The Weekly Wrap: Is the Poilievre comeback real?

Commentary

Pierre Poilievre celebrates the win during the Battle River-Crowfoot byelection in Camrose, Alta., Aug. 18, 2025. Jason Franson/The Canadian Press.

In The Weekly Wrap, Sean Speer, our editor-at-large, analyses for Hub subscribers the big stories shaping politics, policy, and the economy in the week that was.

Perhaps the Conservative coalition is more durable than we thought 

As I recently wrote for The Hub, one of the big questions after the 2025 federal election was whether the Conservative Party’s showing represented a new baseline of support or a high-water mark.

Was it something to build on or merely an aberration shaped by extraordinary circumstances? I warned that, notwithstanding what Pierre Poilievre and the Conservatives have said since the election, the latter was a real possibility.

After all, the party’s support leading up to and during the election campaign seemed highly contingent. The political mood was still defined by the extraordinary pandemic experience and the reckless run-up of immigration that followed it. The Liberal government’s competence came under question on multiple files, and Justin Trudeau had become one of the least popular prime ministers in Canadian history. The conditions, in other words, seemed to favour the Conservatives almost by default.

Yet new polling from Abacus Data suggests that I may have been wrong. As Abacus’s vice-president for Data Insights, Eddie Shepherd, told me this week, their findings show 93 percent of 2025 Conservative voters say they would vote the same way today. That compares with just 86 percent of Liberal voters.

If these numbers persist, they could have significant implications, including for Poilievre’s own future as Conservative leader. Not only did he manage to push Conservative support to its highest level since Brian Mulroney’s majority in 1988, but so far at least, Abacus’s polling suggests that it’s mostly holding steady. Maybe, in other words, it is a new baseline for the Conservatives.

It would mean that the 2025 election was less a fluke of circumstances and more the start of a genuine realignment. The image of Poilievre as merely a “protest vote” leader would give way to the possibility that he’s built something larger and more sustainable.

That would be a powerful message for Poilievre to take into his leadership review in January. Especially if, by then, Liberal support among traditional NDP voters starts to falter. If the NDP begins to climb out of its political hole and return to something closer to its historic norm, the Liberals could find themselves squeezed in the middle. And a future Poilievre government may yet still be possible.

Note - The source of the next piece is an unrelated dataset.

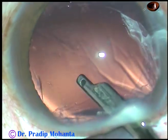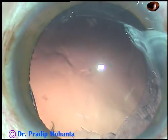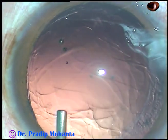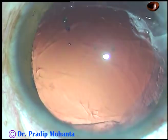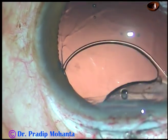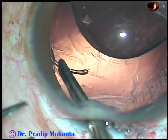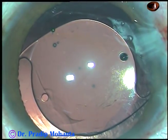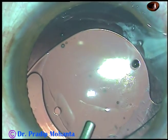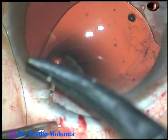You can see the capsular tags. The can opener rhexis has given way at around 3 o'clock. Now inject viscoelastic substance. Take the rigid 6 mm optic intraocular lens — a PMMA lens. Hold it with McPherson's forceps and place it in the capsular bag, behind the rim of the anterior capsule. If you place it in the sulcus, that is also not a problem.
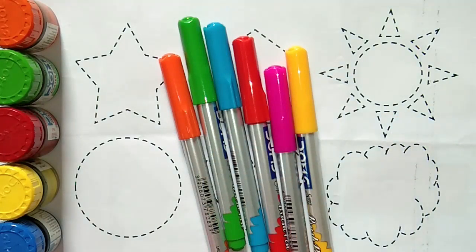Hello Kids, welcome to my channel. Let's learn to draw some 2D shapes with colors.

Will Mark Carney put his money where his mouth is? 

We learned this week that a communications staffer to the environment minister, Julie Dabrusin, accidentally texted internal deliberations about the department’s efforts to identify spending reductions to an unsuspecting reporter. The inadvertent gaffe sheds some revealing yet worrying light on the Carney government’s ongoing spending review.

First, the staffer’s lament that “there’s nowhere else to cut” is hardly confidence-inspiring, given that government-wide program spending has doubled over the past decade and her own portfolio saw its budget grow even more over the same period. Claiming that the department is stripped to the bone just isn’t credible.

Second, we learned that ministers’ proposed spending reductions are due to the Treasury Board later this week, even though the budget is scheduled for October. Even recognizing the government has had to account for an election, new cabinet appointments, and staffing up, that timeline is hugely compressed.

Having been involved in the Harper-era spending cuts—including the 2011–12 government-wide review, which ran for more than six months—I can attest to how challenging it will be. There will necessarily be big tradeoffs.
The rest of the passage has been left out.